TASK:
Where the line containing "Apple iPhone 8 (Used)" appears, start copying; continue through the last line below and copy nothing else.

DATA SUPPLIED:
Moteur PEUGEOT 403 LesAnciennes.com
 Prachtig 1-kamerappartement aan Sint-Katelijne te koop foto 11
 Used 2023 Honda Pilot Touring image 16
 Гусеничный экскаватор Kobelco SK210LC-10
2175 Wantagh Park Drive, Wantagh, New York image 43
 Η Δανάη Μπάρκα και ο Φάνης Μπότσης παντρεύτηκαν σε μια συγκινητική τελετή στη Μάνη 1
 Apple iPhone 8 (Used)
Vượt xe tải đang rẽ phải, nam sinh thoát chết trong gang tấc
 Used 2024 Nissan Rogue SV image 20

ANSWER BELOW:
 Apple iPhone 8 (Used)
Vượt xe tải đang rẽ phải, nam sinh thoát chết trong gang tấc
 Used 2024 Nissan Rogue SV image 20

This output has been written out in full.